Along with each topic, Dr Haslina also provides hands-on activity using the Jupiter Notebook, an online Python workspace by Google that already includes various libraries covering all the topics. Besides that, the Jupyter Notebook template was also shared among the participants to do the hands-on activities together with Dr. Haslina. The first topic showed how to import any dataset into the Jupiter environment. The speaker also showed how to display the dataset they are imported into the environment. Data wrangling or data cleaning was covered to show the process of cleaning and unifying messy and complicated dataset for easy access and analysis. This is an essential step as machine learning algorithms cannot understand complex structured data, and it can ease analysts to analyze the data. Participants were taught how to transform complex label data into the simplest form of representation, which significantly helps participants understand the concept of a data structure. The next topic is an exploratory data analysis (EDA) which is a process to analyze and investigate datasets and summarize their main characteristics. This topic covered the process of analyzing data structure to ensure the data is correctly distributed. If there is an abnormality in the dataset, Dr. Halsina showed how to handle such a situation.

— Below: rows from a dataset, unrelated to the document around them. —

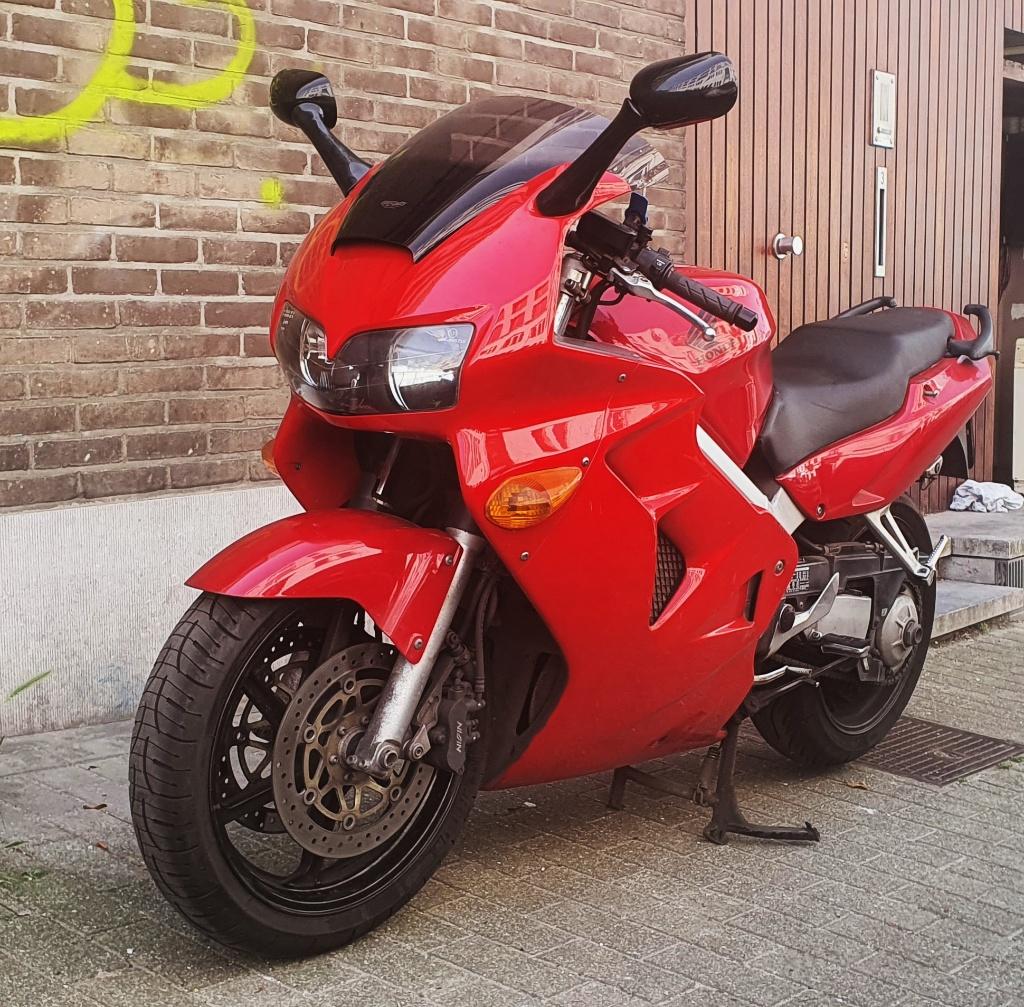 HONDA VFR 800Fi, Motos, Amortisseurs réglables électroniquement, Occasion, Plus de 35 kW, 800 cm³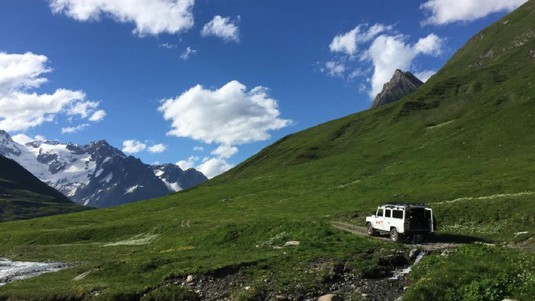 L'équipe de l'EPFL a travaillé dans les ruisseaux alpins des cantons de Vaud et du Valais. © EPFL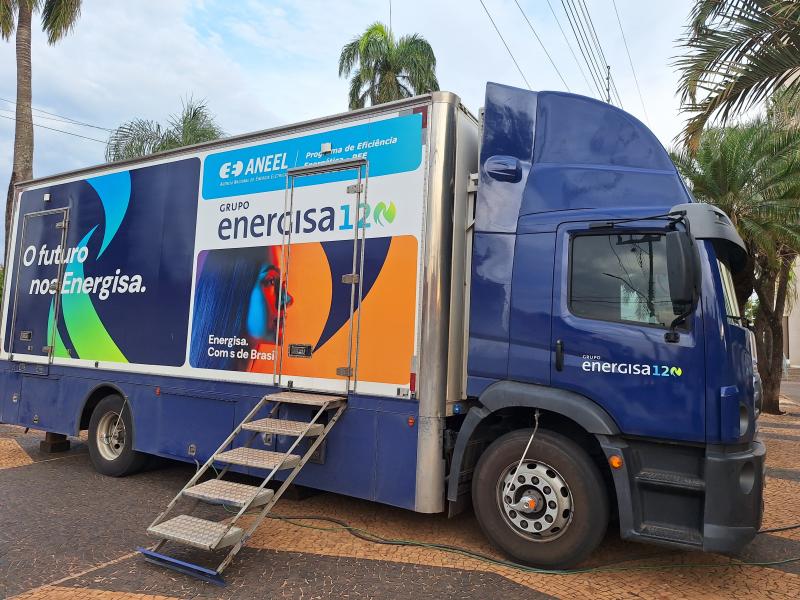 Caminhão da Energisa fica estacionado em Piquerobi nesta semana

In conclusion, artificial intelligence or machine learning is one of the most demanded industry skills in recent years. However, data analysis is also essential because, without proper data analysis skills, data could not be well-defined at the client level. Some critical information may be mistranslated or missing. Nowadays, data are considered as the ‘new oil’ which shows its importance in the industry. During the whole course, only the first topic until the third topic is covered because of time constraint. However, some participants are interested in the course and requested PGSS-SC to expand the course to session two to cover remaining topics. There are also many questions asked during the talk. Most of the participants were satisfied with the speaker’s selection, and the topic gave much insight to them. Nevertheless, the participants appreciate all the efforts by the SPS UTM and PGSS SC as the organizers. Additionally, 105 participants rate this structured course 4 and 5 stars in terms of the overall rating. This course outcome is a kick start for PGSS SC to organize more workshops like this.